The fifties, the 1950s, were the black-and-white years; for photography - and for race relations.
Port Moresby was a white town: the hotels were white, the clubs were white, and the big stores – Burns Philp and Steamships – were white.
Even the town end of Ela Beach was reserved to whitey. The hahine and kekeni, hawking bananas and other goodies, swung their grass skirts and their bare boobs through the town during the day, and took them home before dusk - and the curfew.
And Moresby was a male town; married men compelled to leave their wives in Australia until houses were built. Single white women were rare; there were only three in the whole of our headquarters, and only a few more in Public Health.
After work they vanished, disappearing into their hostels, referred to, perhaps inappropriately, as “The Stables” and “The Virgins’ Retreat”.
Native females were off-limits. Assistant Director, Alan Roberts, spelt it out at our induction: liaisons with “native females” were forbidden, and any breach of that rule would result in a severe reprimand, or instant dismissal.
Was that policy the underlying reason for the resignations of Assistant Director John Black, District Officers Jim Taylor and Bill Adamson, and some lesser lights? (1)
The 1950s were also the simple years. The Department had an impressive name: “District Services and Native Affairs”, but it had a simple system. District Officers ran districts - there were 14 or 15, depending on the year (2) - and Assistant District Officers ran Sub-Districts.
The District Officers roles did not change when they were renamed District Commissioners in 1951, and ADOs did what they always had done. They were the magistrates, the coroners, the senior police officers (3) and the gaolers.
They put people in gaol, and looked after them while they were in there. They released them when their terms expired, and even repatriated them.
They issued licences and they held court, at the Sub-district Office, where you also did the banking, received and posted mail, sent telegrams, had radio conversations, and paid customs duty.
Patrol Officers patrolled, and they explored - some of them. They ran Patrol Posts - some of them - but they were not the all-powerful District Officers, or the almost as powerful ADOs.
The District Officers, Michael Healy, Barter Faithhorn and James O’Malley were the first major shade, the pre-war “Papuans”, and in Papua, District Officers, Assistant District Officers and lesser field staff, even CPOs, were addressed as “taubada”.The term “kiap” was not known or recognized.

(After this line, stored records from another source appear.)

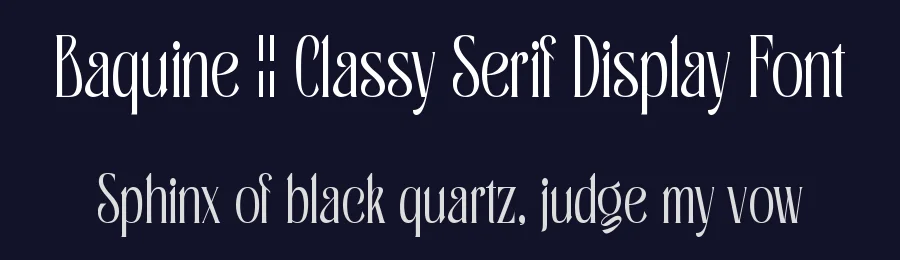 Baquine || Classy Serif Display Font by ErmediaStudio — Display Font — thumbnail 2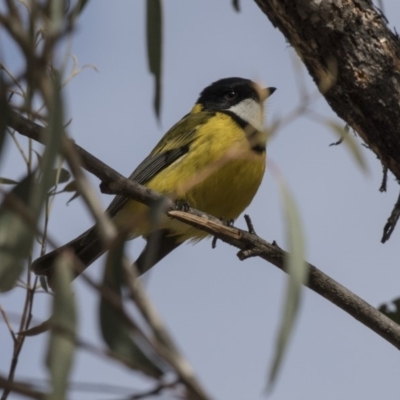 Pachycephala pectoralis (Golden Whistler) at Mulligans Flat - 17 Aug 2018 by Alison Milton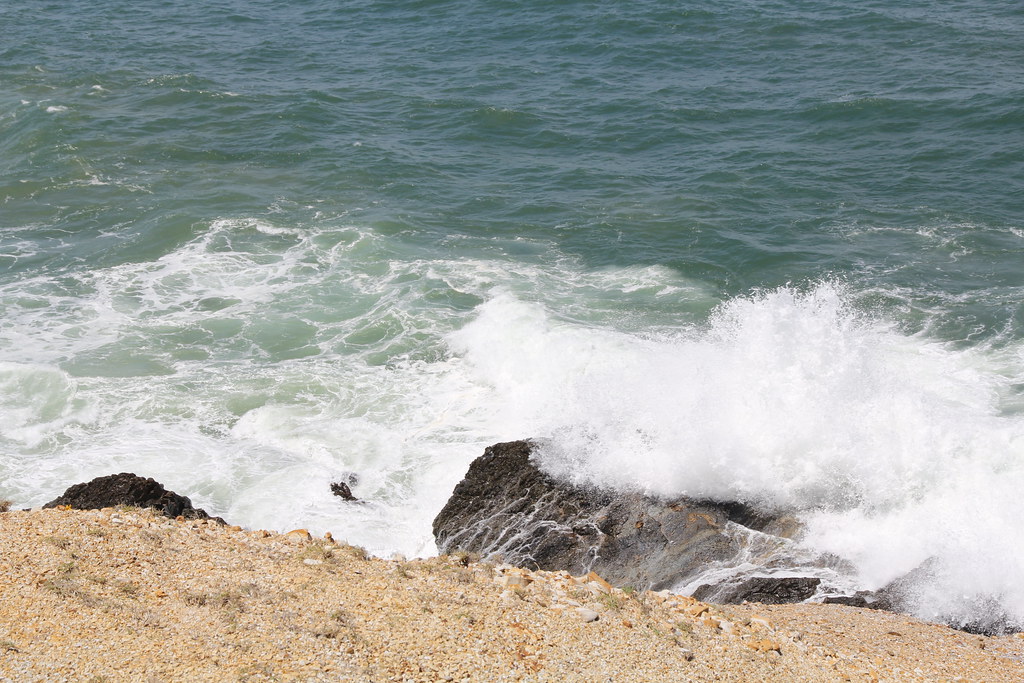 Maclean, Brooms Head and Angourie 20111101 050 Adrian Greig Flickr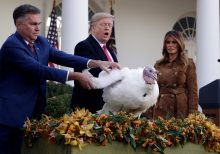 Trump uses Turkey pardon to mock Schiff, says birds already received subpoenas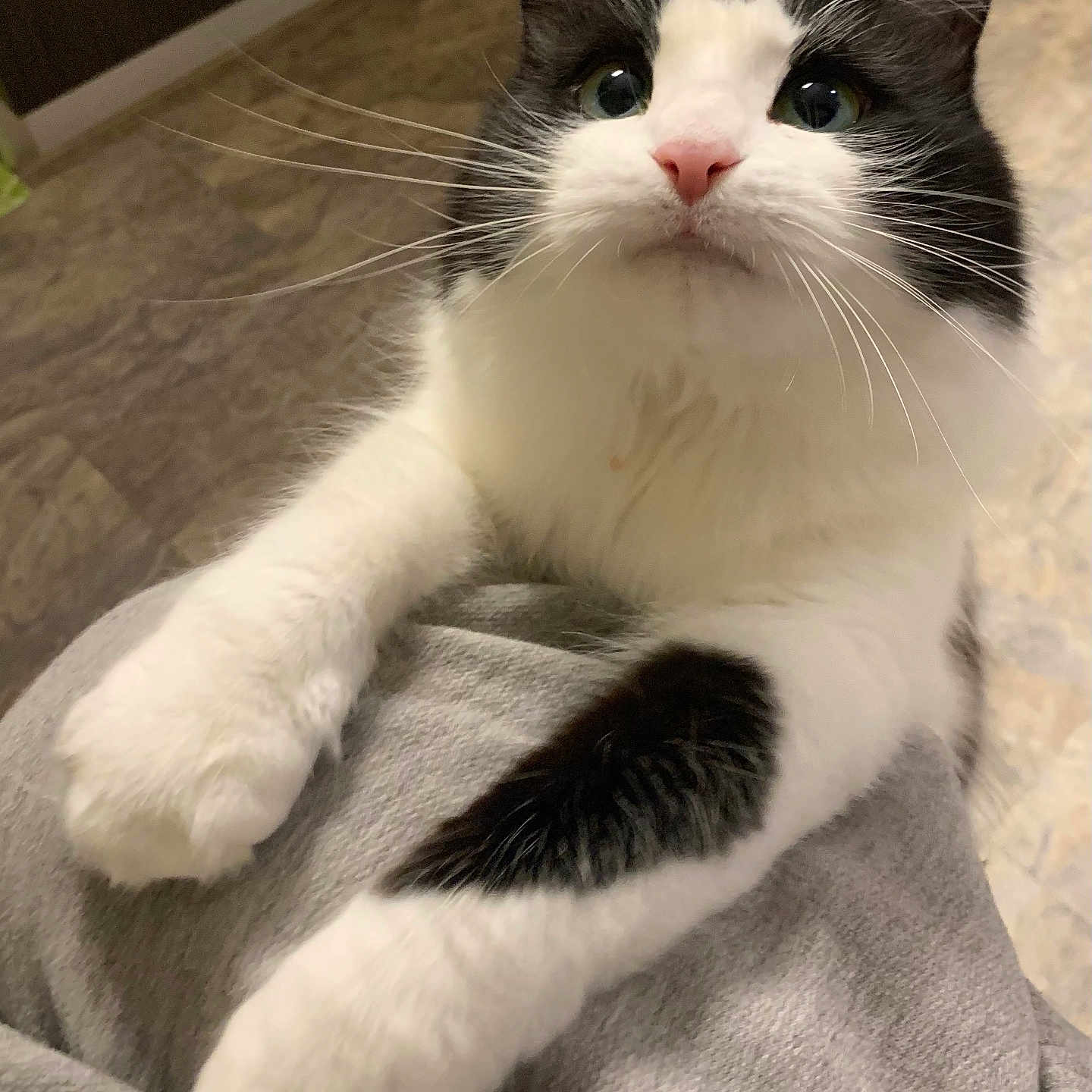 Babycat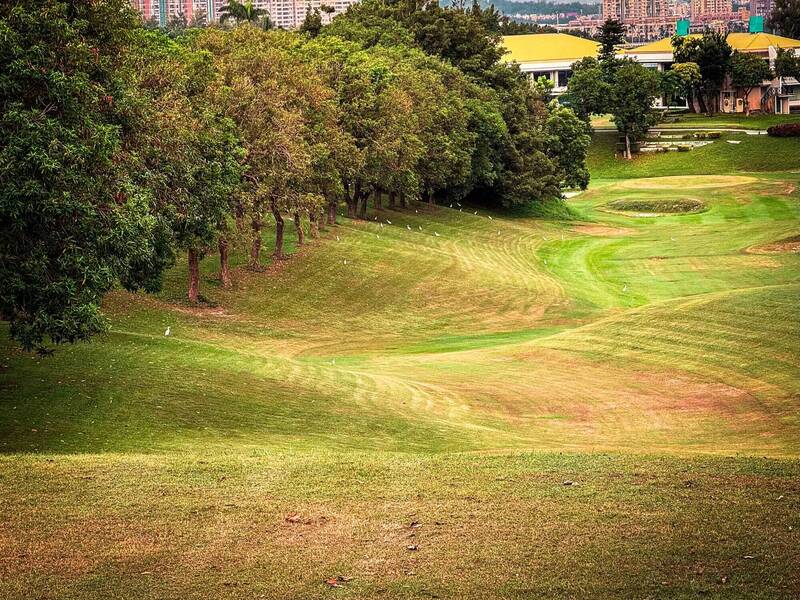 市府改造高雄高爾夫球場  70公頃果嶺自然公園即將開箱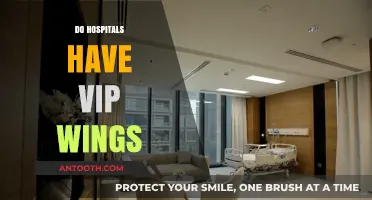 Exploring Exclusive Healthcare: Do Hospitals Offer VIP Wings?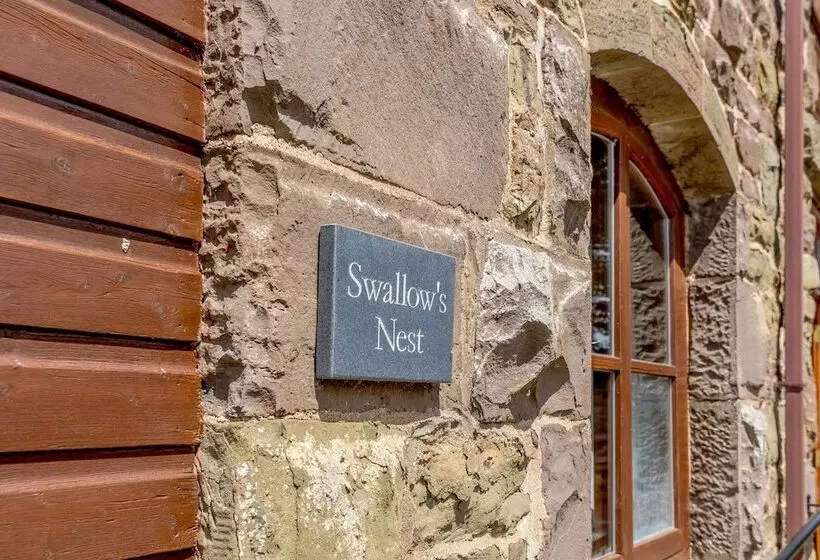 Swallow S Nest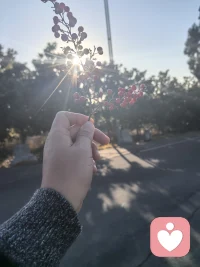  风遇山止，船到岸停，而你，只管向阳而行。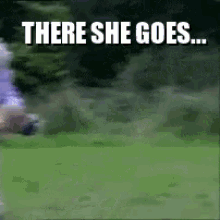 There She Goes Dog GIF - There She Goes Dog Fetch GIFs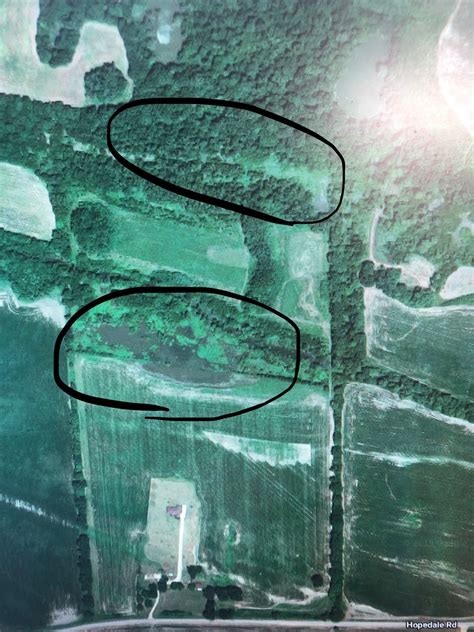 HLRBO Hunting Lease - 40 acres in Issaquena County,Mississippi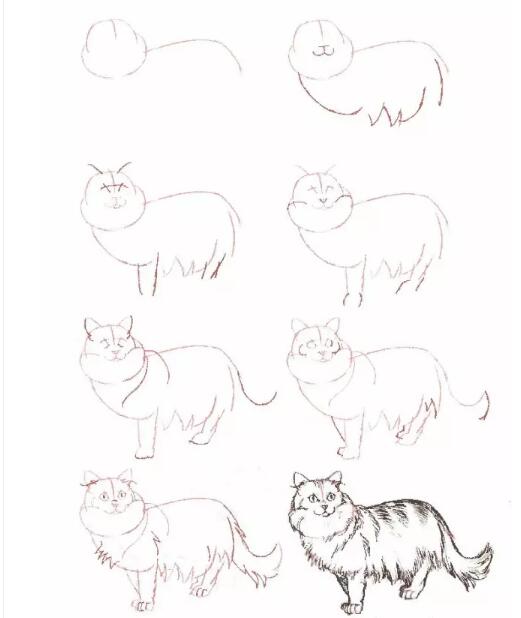 教你画20种猫的素描结构步骤图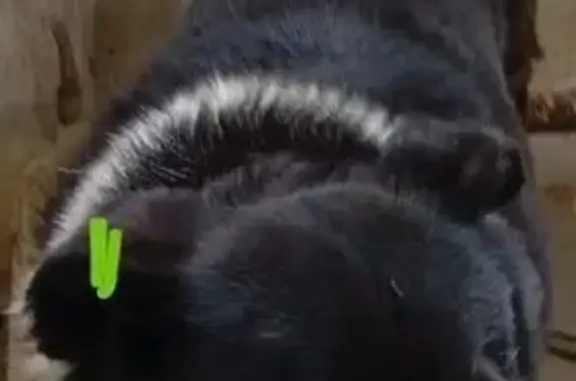 Собаки потеряшки, Киров, фото: Потеряшка собака, Техническая 15А, Киров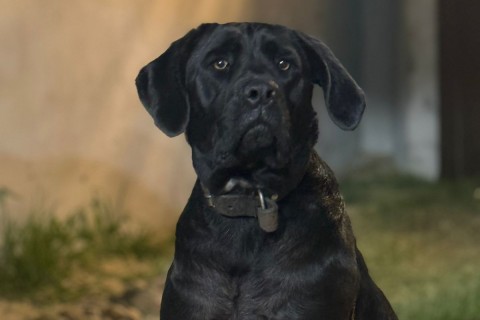 FAMILIA PEDE AJUDA PARA ENCONTRAR CACHORRA DESAPARECIDA NA VILA DOS PESCADORES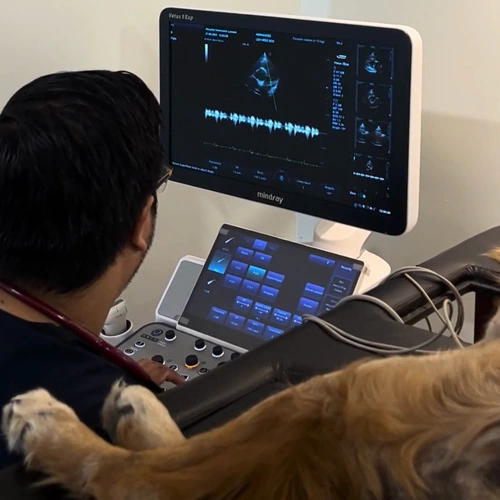 Cardiología veterinaria en Lomont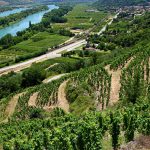 Maison Delas | Wine from the greatest Rhône appellations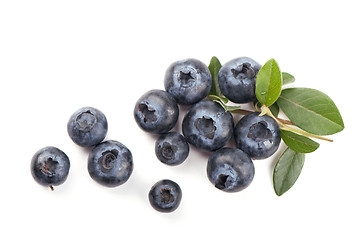 Image showing Mature bilberry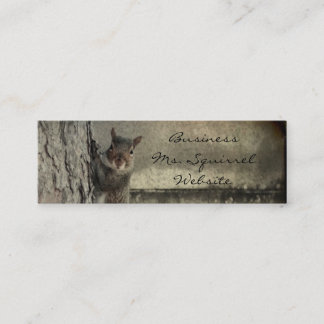 Minitarjeta De Visita Hola Squirrel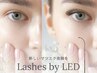【新規】LEDフラットラッシュ150本(ブラウン変更+￥500) 
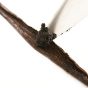 Maple Q 有機香草楓糖漿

The ADOs, except for one, were from another shade: the post-war intake of ex-serviceman toughened by war and overseas service. Some, like Ian Holmes, had gained their experience with ANGAU, and were Territory-wise.
Others, also ex-servicemen, like Lin Foster, had little or no Territory experience, but were learning quickly. (There were many others that I had yet to meet; like Royce Webb, Mentioned in Dispatches in the Middle East in 1942, Des Martin ex Sergeant in the 6th Australian Infantry Division during the 1944-45 Aitape-Wewak campaign, and the fighter pilots: Bob Bunting, Paul Sebire and Gordon Steege.)
The exception was acting ADO John Gibson. He was not a worldly-wise ex-serviceman, but was young, fresh-faced, and almost callow. There would be many more POs and CPOs like him.
Ex Coastwatcher, ADO Malcolm Wright DSC took over from Gibson at Kairuku. A pre-war New Guinea officer, he railed against the parsimony, the lack of training, and the frustrations of the Papuan system.
Bill Adamson added another view. A pre-war ARM, District Officer in charge of Central District when he resigned in 1948; he disliked the term kiap, he disliked the “Department of District Services and Native Affairs” name that had been borrowed from pre-war New Guinea, and he was incensed that a/Director E (Ted) Taylor, a pre-war New Guinea kiap, had changed the Resident Magistrate designation to District Officer.